((

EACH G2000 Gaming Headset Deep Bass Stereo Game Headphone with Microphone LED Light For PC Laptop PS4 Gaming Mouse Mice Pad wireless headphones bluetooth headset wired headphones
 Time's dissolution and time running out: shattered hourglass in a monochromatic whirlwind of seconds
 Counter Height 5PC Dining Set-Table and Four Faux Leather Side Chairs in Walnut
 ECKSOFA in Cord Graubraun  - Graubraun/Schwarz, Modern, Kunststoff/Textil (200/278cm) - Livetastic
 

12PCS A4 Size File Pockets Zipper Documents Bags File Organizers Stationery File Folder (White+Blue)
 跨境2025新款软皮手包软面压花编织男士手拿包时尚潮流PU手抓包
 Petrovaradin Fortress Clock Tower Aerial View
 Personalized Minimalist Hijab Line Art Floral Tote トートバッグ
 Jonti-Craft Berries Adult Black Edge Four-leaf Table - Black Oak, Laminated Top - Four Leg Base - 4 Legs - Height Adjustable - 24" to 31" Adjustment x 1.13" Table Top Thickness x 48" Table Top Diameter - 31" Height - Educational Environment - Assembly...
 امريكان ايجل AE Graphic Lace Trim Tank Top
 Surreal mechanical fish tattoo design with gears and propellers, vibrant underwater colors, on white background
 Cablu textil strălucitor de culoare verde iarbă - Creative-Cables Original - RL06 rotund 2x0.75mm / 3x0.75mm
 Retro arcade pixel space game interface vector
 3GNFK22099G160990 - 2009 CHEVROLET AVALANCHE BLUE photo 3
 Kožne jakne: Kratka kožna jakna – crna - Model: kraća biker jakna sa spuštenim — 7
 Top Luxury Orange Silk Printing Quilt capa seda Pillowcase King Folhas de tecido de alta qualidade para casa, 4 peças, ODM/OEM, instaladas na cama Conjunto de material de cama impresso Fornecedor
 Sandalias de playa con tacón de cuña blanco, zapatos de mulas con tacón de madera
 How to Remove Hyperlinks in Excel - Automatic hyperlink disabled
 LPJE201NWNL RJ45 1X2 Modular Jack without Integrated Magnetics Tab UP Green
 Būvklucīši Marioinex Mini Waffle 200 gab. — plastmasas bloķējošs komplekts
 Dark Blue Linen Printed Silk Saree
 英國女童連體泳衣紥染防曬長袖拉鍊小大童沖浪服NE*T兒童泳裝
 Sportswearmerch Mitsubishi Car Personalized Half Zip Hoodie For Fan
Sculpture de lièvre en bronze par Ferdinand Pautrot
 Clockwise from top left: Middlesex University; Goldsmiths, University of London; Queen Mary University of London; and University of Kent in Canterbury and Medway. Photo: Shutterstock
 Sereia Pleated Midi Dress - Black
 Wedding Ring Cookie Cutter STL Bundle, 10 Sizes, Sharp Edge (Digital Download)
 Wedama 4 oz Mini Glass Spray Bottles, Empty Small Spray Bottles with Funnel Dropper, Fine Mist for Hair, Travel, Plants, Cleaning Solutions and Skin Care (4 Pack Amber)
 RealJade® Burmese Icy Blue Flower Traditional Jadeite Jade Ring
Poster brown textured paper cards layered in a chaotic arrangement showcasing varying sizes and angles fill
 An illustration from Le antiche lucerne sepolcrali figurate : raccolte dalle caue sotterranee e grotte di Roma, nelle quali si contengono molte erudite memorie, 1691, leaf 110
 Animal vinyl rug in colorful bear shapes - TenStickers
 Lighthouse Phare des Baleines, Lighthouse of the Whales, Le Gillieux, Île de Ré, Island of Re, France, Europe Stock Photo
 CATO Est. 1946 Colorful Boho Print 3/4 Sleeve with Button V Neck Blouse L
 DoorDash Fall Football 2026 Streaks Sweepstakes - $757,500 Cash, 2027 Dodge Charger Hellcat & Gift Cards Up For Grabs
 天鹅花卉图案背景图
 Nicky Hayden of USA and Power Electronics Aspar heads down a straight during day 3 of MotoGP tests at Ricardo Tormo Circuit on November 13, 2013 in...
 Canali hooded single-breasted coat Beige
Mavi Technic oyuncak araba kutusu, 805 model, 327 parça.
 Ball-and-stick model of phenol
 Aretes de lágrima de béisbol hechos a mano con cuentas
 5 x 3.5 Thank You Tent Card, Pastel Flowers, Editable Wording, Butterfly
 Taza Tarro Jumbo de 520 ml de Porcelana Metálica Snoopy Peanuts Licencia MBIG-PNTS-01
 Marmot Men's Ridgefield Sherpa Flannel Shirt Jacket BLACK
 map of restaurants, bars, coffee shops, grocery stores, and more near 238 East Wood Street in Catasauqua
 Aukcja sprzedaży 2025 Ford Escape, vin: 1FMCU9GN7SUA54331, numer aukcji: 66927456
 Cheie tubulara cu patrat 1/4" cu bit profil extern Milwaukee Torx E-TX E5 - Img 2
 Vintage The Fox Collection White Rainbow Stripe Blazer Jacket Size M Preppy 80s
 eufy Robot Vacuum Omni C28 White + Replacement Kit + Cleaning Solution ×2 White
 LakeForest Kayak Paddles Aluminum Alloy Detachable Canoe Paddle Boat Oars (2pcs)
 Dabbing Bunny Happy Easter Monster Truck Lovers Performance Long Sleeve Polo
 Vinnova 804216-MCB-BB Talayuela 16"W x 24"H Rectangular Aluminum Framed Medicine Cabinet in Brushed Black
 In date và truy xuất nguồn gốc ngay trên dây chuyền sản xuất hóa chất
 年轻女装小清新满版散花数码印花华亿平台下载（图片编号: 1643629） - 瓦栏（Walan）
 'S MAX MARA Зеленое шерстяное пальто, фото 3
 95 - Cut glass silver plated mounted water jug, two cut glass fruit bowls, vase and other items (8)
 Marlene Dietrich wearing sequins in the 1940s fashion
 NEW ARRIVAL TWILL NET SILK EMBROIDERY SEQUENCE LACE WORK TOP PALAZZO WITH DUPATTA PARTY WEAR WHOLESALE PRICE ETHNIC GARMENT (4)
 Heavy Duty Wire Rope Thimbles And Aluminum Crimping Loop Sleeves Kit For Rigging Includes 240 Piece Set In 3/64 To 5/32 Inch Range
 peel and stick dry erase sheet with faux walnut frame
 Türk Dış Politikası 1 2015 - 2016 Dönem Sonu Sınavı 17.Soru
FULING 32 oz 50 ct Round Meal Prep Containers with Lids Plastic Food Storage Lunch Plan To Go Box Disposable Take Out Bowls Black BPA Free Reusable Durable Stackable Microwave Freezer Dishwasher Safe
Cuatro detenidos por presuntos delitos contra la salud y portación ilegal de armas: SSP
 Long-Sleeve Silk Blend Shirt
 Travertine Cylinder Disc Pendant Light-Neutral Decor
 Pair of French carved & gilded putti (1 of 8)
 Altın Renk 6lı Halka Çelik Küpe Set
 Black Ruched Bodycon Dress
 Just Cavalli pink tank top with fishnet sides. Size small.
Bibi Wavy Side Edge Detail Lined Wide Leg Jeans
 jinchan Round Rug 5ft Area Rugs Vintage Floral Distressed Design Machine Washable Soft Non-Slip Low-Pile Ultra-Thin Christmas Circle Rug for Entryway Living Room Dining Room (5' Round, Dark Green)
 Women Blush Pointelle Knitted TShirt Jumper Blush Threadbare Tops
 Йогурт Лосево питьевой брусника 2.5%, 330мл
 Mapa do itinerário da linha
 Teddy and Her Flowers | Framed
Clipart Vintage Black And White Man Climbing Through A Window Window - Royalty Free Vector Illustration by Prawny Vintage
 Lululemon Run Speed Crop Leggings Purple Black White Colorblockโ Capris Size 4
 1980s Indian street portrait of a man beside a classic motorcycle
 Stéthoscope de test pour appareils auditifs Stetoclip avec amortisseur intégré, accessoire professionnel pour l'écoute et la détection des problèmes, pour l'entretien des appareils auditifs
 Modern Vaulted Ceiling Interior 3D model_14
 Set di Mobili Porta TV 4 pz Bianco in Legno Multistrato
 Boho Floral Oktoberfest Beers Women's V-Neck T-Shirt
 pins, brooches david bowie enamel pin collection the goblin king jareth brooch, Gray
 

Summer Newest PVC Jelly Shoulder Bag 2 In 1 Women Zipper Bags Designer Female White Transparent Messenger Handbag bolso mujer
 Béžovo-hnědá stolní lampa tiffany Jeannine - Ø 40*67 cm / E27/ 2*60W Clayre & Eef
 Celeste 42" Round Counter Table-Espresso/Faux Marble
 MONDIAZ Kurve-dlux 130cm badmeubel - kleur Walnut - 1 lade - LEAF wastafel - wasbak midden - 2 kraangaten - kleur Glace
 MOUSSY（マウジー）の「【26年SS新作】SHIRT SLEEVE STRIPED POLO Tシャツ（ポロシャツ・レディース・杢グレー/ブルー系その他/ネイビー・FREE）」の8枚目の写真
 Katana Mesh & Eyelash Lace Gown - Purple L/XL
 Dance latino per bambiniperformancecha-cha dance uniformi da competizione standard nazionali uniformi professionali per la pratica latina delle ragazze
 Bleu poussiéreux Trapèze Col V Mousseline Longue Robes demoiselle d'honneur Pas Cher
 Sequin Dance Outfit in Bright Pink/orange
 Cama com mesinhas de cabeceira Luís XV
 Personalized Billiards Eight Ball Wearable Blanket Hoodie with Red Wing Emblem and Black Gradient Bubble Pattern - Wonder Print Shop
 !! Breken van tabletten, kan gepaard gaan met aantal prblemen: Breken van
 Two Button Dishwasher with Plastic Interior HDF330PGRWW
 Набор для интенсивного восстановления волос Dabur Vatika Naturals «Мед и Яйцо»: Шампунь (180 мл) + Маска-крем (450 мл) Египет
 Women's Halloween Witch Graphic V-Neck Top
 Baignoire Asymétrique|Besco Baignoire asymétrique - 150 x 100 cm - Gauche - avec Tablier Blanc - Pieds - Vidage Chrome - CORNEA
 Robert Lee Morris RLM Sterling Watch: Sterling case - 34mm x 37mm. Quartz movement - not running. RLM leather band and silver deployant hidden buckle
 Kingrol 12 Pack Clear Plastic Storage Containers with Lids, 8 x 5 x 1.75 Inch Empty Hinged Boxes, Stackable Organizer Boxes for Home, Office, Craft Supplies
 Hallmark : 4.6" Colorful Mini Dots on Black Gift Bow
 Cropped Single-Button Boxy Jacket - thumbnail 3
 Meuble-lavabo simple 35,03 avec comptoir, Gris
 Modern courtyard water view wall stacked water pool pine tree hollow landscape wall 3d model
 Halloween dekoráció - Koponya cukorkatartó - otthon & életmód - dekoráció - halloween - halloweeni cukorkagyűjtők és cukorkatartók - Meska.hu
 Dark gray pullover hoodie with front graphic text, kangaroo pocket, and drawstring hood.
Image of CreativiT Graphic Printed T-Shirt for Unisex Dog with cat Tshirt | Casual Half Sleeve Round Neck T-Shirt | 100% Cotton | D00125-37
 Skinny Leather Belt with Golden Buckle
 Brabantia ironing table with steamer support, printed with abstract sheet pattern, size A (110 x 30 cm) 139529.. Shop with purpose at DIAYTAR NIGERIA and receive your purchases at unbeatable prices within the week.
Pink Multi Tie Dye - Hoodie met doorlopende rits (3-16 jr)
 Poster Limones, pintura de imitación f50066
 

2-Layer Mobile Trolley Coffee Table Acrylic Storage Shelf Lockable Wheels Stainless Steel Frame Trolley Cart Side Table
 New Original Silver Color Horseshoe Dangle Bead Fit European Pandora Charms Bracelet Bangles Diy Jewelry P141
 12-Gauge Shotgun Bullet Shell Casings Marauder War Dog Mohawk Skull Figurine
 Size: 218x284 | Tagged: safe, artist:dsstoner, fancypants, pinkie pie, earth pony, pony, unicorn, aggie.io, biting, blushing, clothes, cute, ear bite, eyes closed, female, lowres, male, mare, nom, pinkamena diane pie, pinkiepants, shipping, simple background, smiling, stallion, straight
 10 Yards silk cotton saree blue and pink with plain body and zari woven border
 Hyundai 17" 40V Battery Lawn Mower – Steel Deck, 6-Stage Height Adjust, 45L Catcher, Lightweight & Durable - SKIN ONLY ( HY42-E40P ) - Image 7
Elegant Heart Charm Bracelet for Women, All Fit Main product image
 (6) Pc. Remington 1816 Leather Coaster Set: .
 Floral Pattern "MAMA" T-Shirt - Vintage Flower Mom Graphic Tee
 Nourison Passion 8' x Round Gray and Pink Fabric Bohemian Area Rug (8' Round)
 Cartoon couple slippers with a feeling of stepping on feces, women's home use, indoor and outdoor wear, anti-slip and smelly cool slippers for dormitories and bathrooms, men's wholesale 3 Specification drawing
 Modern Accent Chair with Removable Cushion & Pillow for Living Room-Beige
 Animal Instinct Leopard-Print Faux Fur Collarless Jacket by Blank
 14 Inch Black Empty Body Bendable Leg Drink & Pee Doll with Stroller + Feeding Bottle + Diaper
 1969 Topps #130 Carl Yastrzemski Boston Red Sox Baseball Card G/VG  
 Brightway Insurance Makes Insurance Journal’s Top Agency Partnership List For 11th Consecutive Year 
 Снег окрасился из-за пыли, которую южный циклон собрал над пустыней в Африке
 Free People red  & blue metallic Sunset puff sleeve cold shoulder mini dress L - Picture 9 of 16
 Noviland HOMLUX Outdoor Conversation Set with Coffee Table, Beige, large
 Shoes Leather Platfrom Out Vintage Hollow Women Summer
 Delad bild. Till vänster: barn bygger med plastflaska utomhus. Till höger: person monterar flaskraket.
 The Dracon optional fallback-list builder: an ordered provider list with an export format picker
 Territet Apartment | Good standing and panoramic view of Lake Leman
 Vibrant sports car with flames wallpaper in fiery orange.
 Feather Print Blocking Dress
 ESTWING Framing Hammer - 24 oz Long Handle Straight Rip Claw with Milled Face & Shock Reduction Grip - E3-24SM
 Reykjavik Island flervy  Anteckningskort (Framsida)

))

**TASK**
Give back precisely the lines above that start at the line containing "prblemen: Breken van" and end at the line containing "Baignoire Asymétrique|Besco Baignoire", inclusive. No other lines belong in the output.

**SOLUTION FOR THIS TASK**
 !! Breken van tabletten, kan gepaard gaan met aantal prblemen: Breken van
 Two Button Dishwasher with Plastic Interior HDF330PGRWW
 Набор для интенсивного восстановления волос Dabur Vatika Naturals «Мед и Яйцо»: Шампунь (180 мл) + Маска-крем (450 мл) Египет
 Women's Halloween Witch Graphic V-Neck Top
 Baignoire Asymétrique|Besco Baignoire asymétrique - 150 x 100 cm - Gauche - avec Tablier Blanc - Pieds - Vidage Chrome - CORNEA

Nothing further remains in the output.